Records drawn from a dataset
= = =
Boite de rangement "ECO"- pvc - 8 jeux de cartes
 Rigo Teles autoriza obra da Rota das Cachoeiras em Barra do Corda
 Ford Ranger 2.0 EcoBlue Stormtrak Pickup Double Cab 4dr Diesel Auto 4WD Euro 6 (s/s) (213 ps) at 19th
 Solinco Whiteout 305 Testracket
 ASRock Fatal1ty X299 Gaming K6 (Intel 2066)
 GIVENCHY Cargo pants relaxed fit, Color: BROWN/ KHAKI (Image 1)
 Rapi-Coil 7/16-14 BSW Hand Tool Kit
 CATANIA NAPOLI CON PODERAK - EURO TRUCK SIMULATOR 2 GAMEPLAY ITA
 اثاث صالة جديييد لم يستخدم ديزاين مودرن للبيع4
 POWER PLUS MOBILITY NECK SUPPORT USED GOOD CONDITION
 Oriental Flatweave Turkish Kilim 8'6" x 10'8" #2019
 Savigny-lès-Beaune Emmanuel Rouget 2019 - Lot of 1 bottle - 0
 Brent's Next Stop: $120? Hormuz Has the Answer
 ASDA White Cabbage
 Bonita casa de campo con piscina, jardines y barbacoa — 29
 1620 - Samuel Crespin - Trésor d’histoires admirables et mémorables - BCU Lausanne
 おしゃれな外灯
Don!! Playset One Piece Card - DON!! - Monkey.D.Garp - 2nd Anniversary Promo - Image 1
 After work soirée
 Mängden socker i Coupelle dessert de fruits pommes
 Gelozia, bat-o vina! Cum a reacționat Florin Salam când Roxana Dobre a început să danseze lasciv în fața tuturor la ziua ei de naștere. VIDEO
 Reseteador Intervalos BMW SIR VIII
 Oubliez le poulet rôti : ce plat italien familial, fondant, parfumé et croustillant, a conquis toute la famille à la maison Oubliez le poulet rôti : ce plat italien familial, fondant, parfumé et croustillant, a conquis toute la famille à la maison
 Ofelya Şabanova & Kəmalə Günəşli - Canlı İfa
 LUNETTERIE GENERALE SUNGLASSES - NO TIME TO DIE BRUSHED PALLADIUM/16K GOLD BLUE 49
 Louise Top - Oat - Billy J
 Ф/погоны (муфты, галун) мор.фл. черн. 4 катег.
= = =
What is needed
If a line of the records holds the word "Image", count it; report only the total.

Expected answer
2